If you’re familiar with how the Brits dine, you are set, as Aussies are largely influenced by British dining customs. A few things to keep in mind: break your bread into smaller pieces, match the pace at which you eat with diners at your table, leave your napkin to the left side of your plate when your leave the table and place your knife with your fork on your plate when you are finished with your meal.
The Chinese culture values respect and tradition. If you are pouring tea, pour yours last and always pour tea for elders first. Pay attention the next time you’re out having dim sum and you’ll find tea drinkers tapping a finger or two – it’s meant to symbolize gratitude.
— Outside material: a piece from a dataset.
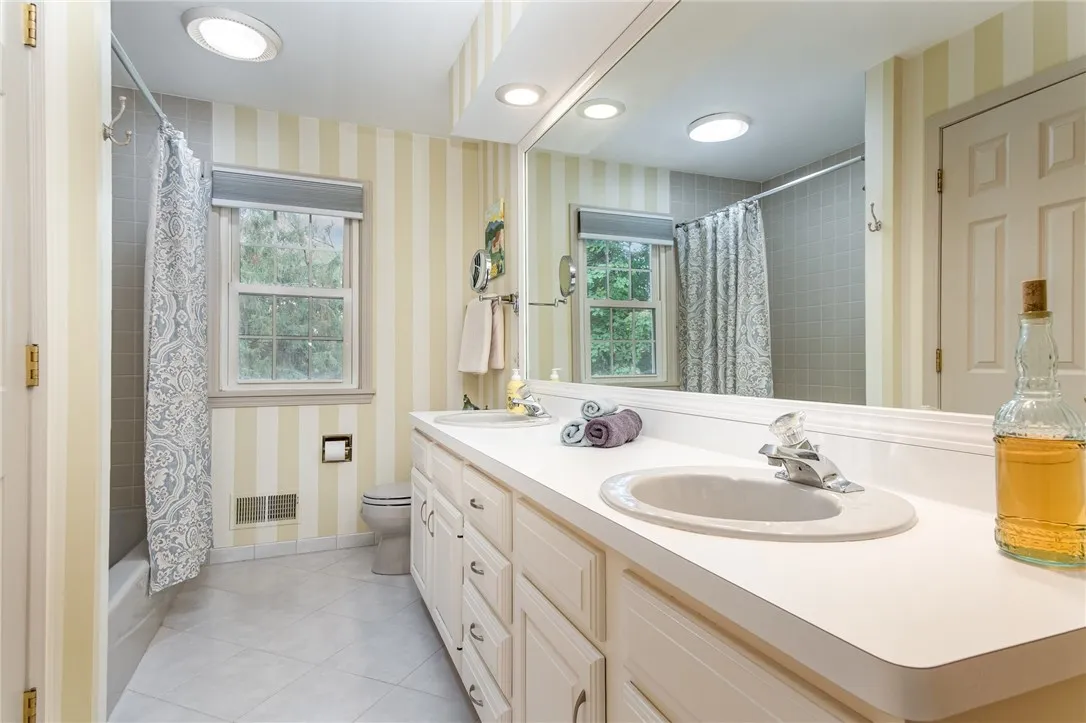 5 Park View Drive, Perinton, New York 14534, Perinton, New York 14534, 4 Bedrooms Bedrooms, 9 Rooms Rooms,2 BathroomsBathrooms,Residential,For Sale,5 Park View Drive, Perinton, New York 14534,0,R1647151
Meals should only start once all guests are seated and food is served from the eldest to the youngest (though most families don’t put this into practice anymore).
The sight, scent and flavor of authentic Indian cuisine are a defining feature of their national identity so knowing the dining etiquette will help you make a friend or two at the dinner table. Since the majority of Indians are either Hindu or Muslim, you might want to refrain from requesting pork or beef if it is not on the menu. If you want to show your respect for the culture, little gestures count.
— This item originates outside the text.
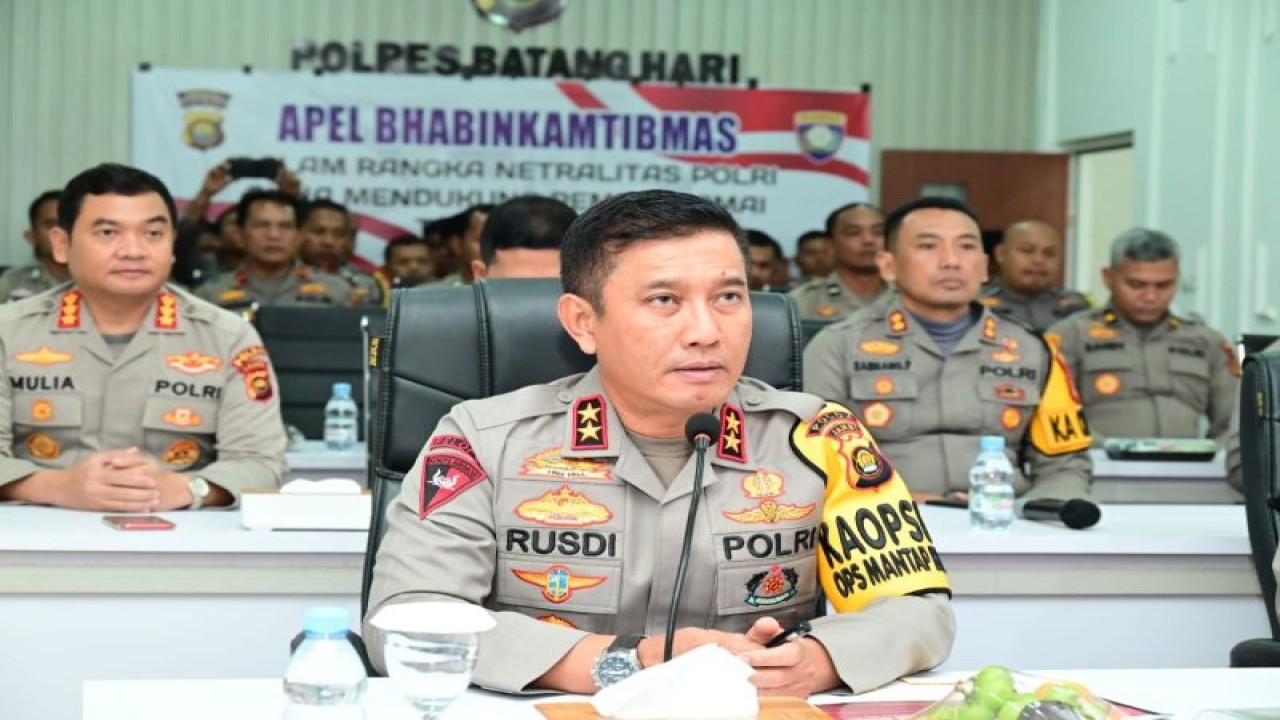 Kapolda Jambi Irjen Pol Rusdi Hartono saat apel Bhabinkamtibmas Jambi, Rabu (15/11/2023). (ANTARA/HO-Polda Jambi)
Eat with your hands (unless the food is particularly messy), but use your right hand only, as the left is considered unclean. Instead of taking big bites into your naan bread or roti, break it up in small portions and use it to scoop up the condiments and curries. Indian cuisine encourages a sensual dining experience so using your sense of touch is seen as an enhancement to the meal.
If your chopsticks skills are only sub par, most Japanese restaurants will offer you a fork (especially if you look like a foreigner). For an authentic Japanese dining experience, learn to master holding it. Once you’ve done that, keep the following in mind:
- Never stab food with the point of your chopsticks. It is a practice reserved for funerals and honoring the dead
- Avoid placing the chopsticks across your bowl when not in use, if you want to place them down do so on a chopstick rest, or hashioki
- Don’t pass food to another diner with chopsticks. If you’d like to share your food, place it into their bowl
What’s incredible about the vast number of cultures and cuisines is that they all have their own table manner guides. What is offensive in one culture may be a sign of respect in others i.e. it is disrespectful to decline a shot of vodka at dinner in Russia, while French cuisine sees alcohol as an aperitif to be savored, not downed at once.
Regardless of your culinary destination, a little research on dining customs will arm you with the knowledge to be the best dinner guest, where ever you go.